Thank you for all your help. It is very much appreciated. The antifreeze was completely changed out when the water pump was replaced, and the work was done at Nissan dealership. The level doesn't seem. I don't see any green puddles, so I don't think it's leaking. (the problem was present before and after radiator flush and fill, so it was not caused by it I think).

I was told by the dealership's mechanic that one injector is at 17 ohms and all the rest are at 12 ohms, and they seemed pretty certain it was an injector problem. I took it for a second opinion and they too seemed to feel the same. I'm having the second shop replace the injectors, as the dealership is way too expensive, and with fresh gaskets. 

I also requested carb-cleaner be used to clean out EGR valve, and got a fresh EGR gasket, since they have to take the entire manifold apart to get to the fuel rail, and doing the EGR cleaning is not really a big deal I feel. 

What I don't understand is why the problem is so much worse when the car is cold. Also, in nuetral or park, it is not shaking as much as compared to putting the transmission into drive.

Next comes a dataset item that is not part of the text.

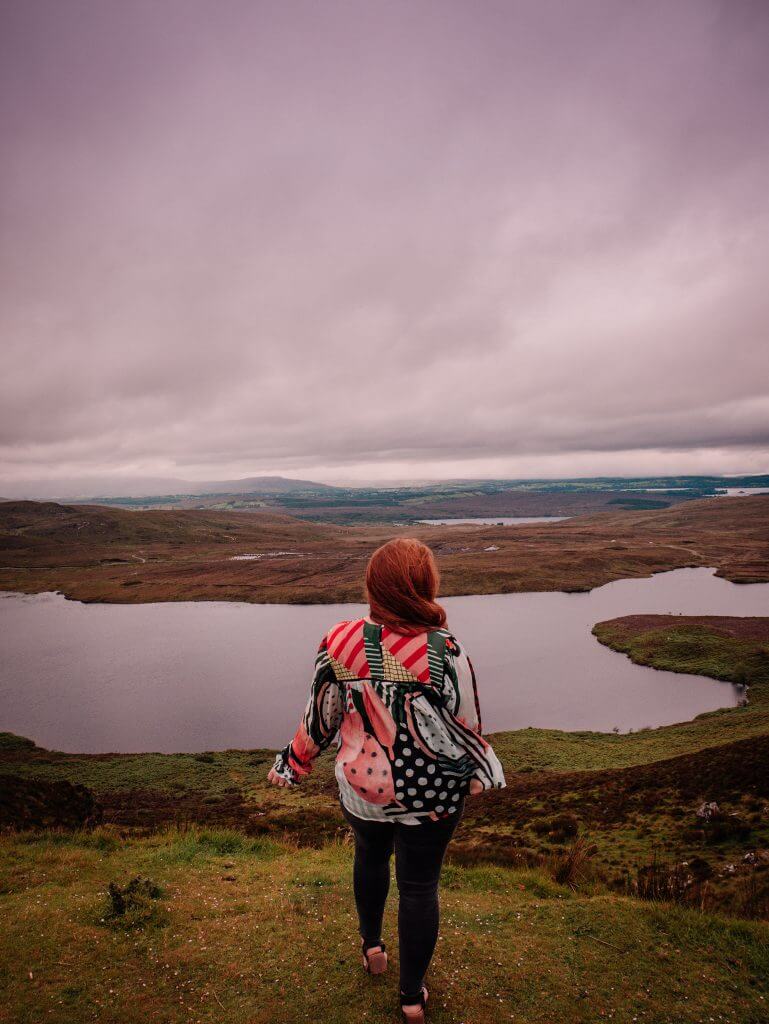 Woman wearing a colourful yop overlooking the mountain views at Lough Salt in County Donegal Ireland. Staycation Ireland Ideas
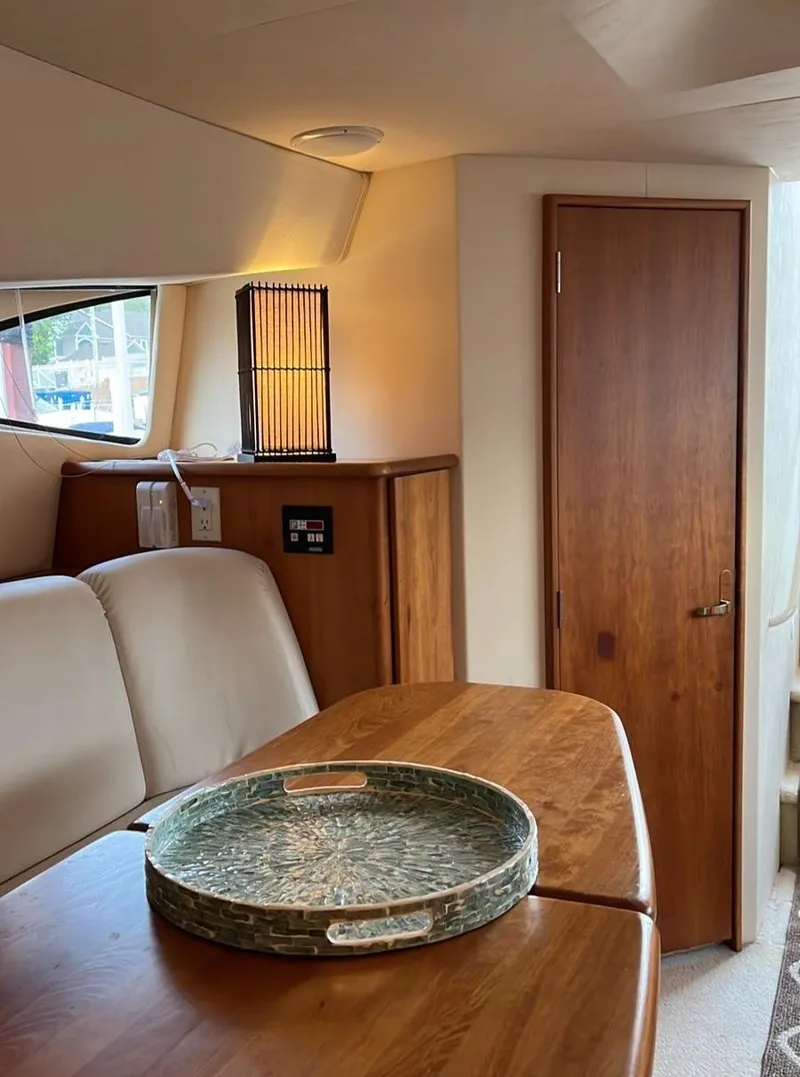 Slide: The Image of Interior of 1999 Silverton 330 Sport Bridge with wooden table and modern decor. - 18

My only real hope, to be honest with you, is I spent a ton of money on an old car, and I hope that after all is said and done, I can drive it a little.


----------



## alexnds (Oct 1, 2005)

*removal of fuel injectors done*



bigern45 said:


> check your anti freeze level- that is one way to tell, although i have seen some head gaskets leak between cylinders showing no sign of anti-freeze leak. you might try checking compression while the engine is cold, which should be pretty easy to do. your egr could be faulty as well, but if it is stuck open at all it would cause it to run not right at any idle speed, warm or cold. it may be more apparent when it is cold, but any unwanted extra air at idle is really noticable, but once you are on the throttle, the problem should go away.


I found this procedure:

http://z31.com/repairs/injector.shtml

for fuel injector removal. However, can simply cleaning the EGR valve help (with carb cleaner) if it's stuck open, or do I need to replace it?


----------